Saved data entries
———
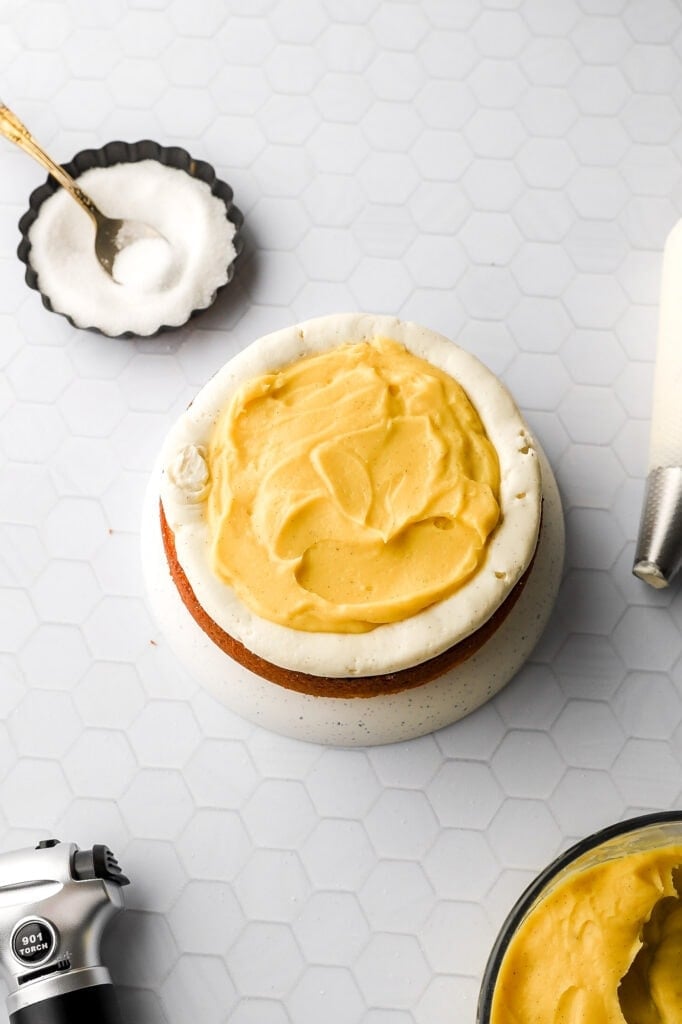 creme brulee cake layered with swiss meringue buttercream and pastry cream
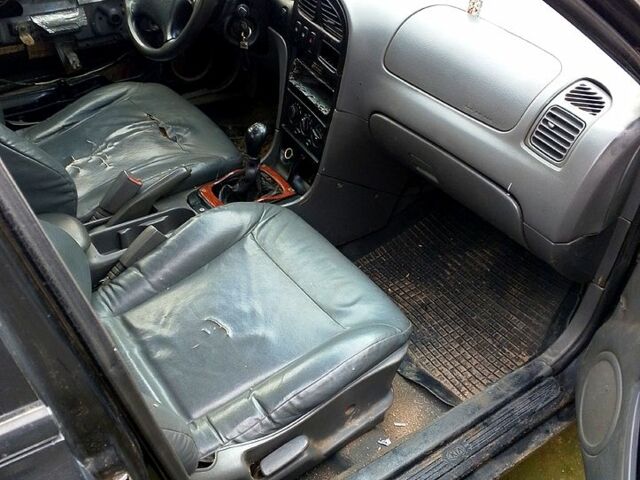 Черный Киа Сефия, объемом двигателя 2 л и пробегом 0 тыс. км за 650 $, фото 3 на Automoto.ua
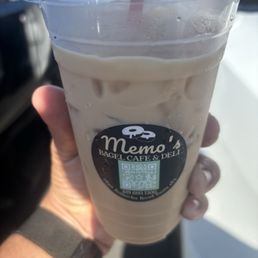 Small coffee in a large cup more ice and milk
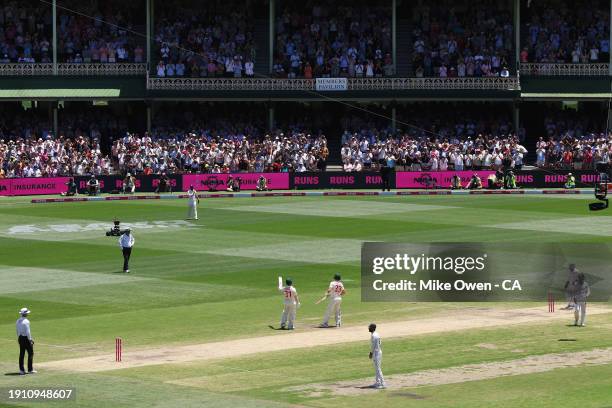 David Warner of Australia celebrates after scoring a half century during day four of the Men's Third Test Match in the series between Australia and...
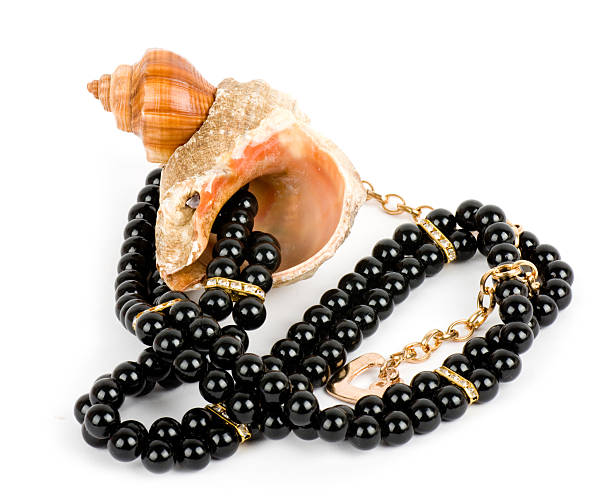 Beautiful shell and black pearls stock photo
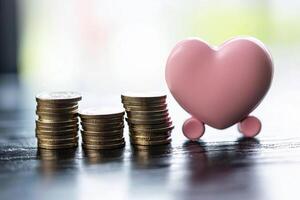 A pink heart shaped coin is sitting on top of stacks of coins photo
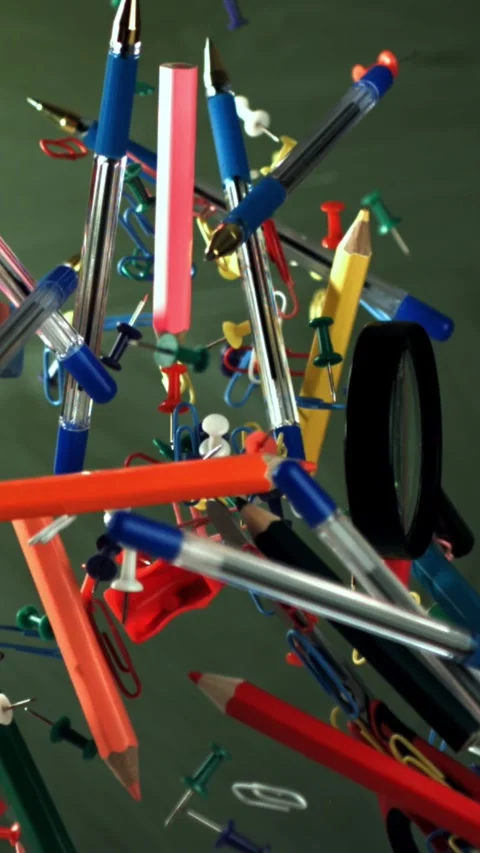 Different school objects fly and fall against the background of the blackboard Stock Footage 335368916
———
All that is wanted is an exact copy of the lines from the line bearing "A pink heart" through the final line of the entries, including both ends but no pictures.

- **Answer to this problem**
 A pink heart shaped coin is sitting on top of stacks of coins photo
 Different school objects fly and fall against the background of the blackboard Stock Footage 335368916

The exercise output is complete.